Traditional wisdom holds the wheel to be one of mankind’s cleverest inventions and the camel to be one of God’s clumsiest (Richard W. Bulliet, The Camel and the Wheel, NY: Columbia University Press, 1990, 7). Yet this is the creature that has affected history as much as the horse: the horse was fundamentally the servant of the warrior, the camel of the merchant (James Wellard, Samarkand and Beyond: A History of Desert Caravans. London: Constable, 1997, 30).

Wheeled vehicles and ships were known in the Middle East since before Roman times. They served different segments of the “transportation industry.” Ships could carry the heavy loads that animal transportation could not. However, the camel was used more than a ship and replaced the wheel as a matter of practicality. The wheel’s associated vocabulary had disappeared sometime prior to the seventh century Islamic conquests in the region. For example, it has been noted that records of the Crusades in the Middle East never mention carts and wagons (Bulliet, The Camel and the Wheel, 9). 

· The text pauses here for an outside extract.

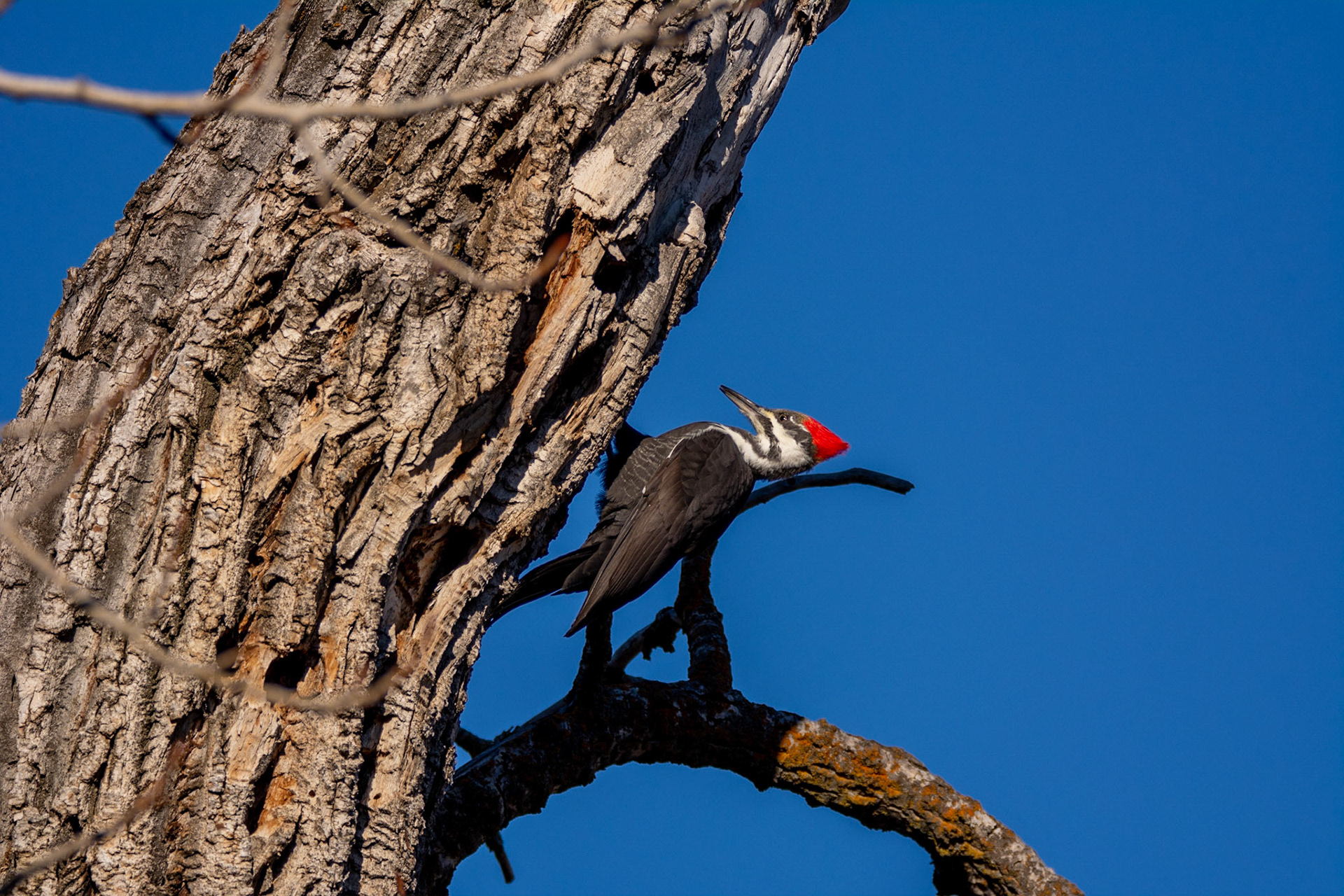 Pileated Woodpecker,  female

Camel caravans are slow. The fully loaded pack camel can, at the limit, march only for thirty miles a day for three or four days without watering (Wellard, Samarkand and Beyond, 31) A caravan, however, could travel difficult routes and get to its destination where a ship, a wheeled cart, or a wagon could not. Between 300 and 1300 CE, the caravans carried goods more cheaply, more quickly, and with less seasonal interruption than any other form of transportation (William H. McNeill, “The Eccentricity of Wheels, or Eurasian Transportation in Historical Perspective” in The American Historical Review, Vol. 92, 1987).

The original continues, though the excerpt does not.